As such, Stemberger has set up a legal defense fund to cover his mounting legal expenses that has the support of Jerry Bokin, Newt Gingrich, Tony Perkins, Lou Engle and David Barton.
And today, Barton had Stemberger on his "Wallbuilders Live" radio program where they, along with Rick Green, alleged that the lawsuit and misconduct complaint are an attempt by radical Muslims to destroy anyone who dares to criticize them. [I would like to point out that none of the claims made by Bary about her parents or the claims Stemberger asserts in this interview were ever substantiated by state investigators who examined them]:
Barton: The message is don't talk about us or we'll come after you the same way.
Green: It's an intimidation factor.
Barton: We're showing you what happens to people who talk about us or people who come after us in court - we will make you pay. And they may eventually lose, but that's only if you have enough money to outlast them. And so it really is a bad thing and we've got a good friend of ours on today that's in the middle of one of these things were Islamic groups have come after him because he stood and actually won a court for justice. And because he won, now they are going to make him pay a price.
Stemberger: Well, as your listeners may remember the name Rifqa Bary was a former Muslim teenager who made international headlines in about the summer and fall of 2009 when she ran away from her parents in Ohio to Florida, to a Methodist pastor and his wife after her parents threatened her life for not renouncing her Christian faith.
You know, she knew the repercussions of this so she was very, very careful to be discreet with it.
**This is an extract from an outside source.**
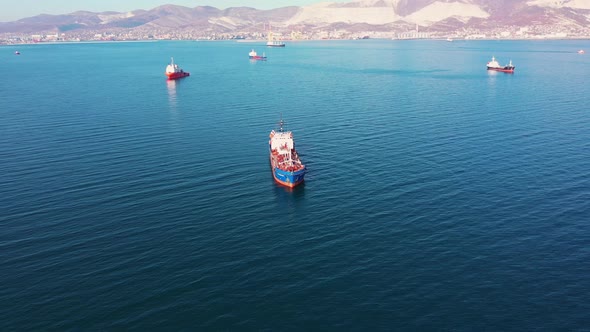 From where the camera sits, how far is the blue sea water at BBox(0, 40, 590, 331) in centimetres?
4591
But then when the parents, when the [leaders] of the mosque confronted the parents, that's when they began to blow up and the father specifically threatened her, demanded she denounce her faith, said that "you'll be dead to me" and that, according to her affidavit which is public knowledge, made some really specific threats ... But when they found a book on Esther in her bedroom, that's when they just said "we're going to send you back to Sri Lanka" and she knew she would just be a walking dead girl at that point.
Just weeks after [Rifqa turned 18] the lawyer who opposed Rifqa in court and who represented Rifqa's parents, Mr. Omar Tarazi, whose family has deep ties with CAIR, which is the Council on American Islamic Relations, he filed a grievance against me.
Green: This is their typical game plan. You mentioned CAIR, this is how they strike back, they trump up these kind of things and just give you a barrage of quote "ethical complains" so that you have to spend your time, energy, and money defending those instead of fighting the real fight, right?
Stemberger: Well, there is a clear growing trend of malicious lawsuits and other legal actions which are filed by adherents of radical strains of Islam and they're designed to punish, silence, and to chill legitimate speech and public discourse about Islam.
Barton: That's Islamic lawfare. I mean, they're coming after you to make him an example and say "don't anybody else every try to intervene ..."
Green: Whether they win or lose, they example is made that we're going to cost you money ...
Barton: And if there is every a time to step up and help a brother, this is it. We're not going to bring a BB gun to a tank fight. We're going to show up and we're going to take you toe-to-toe on this thing.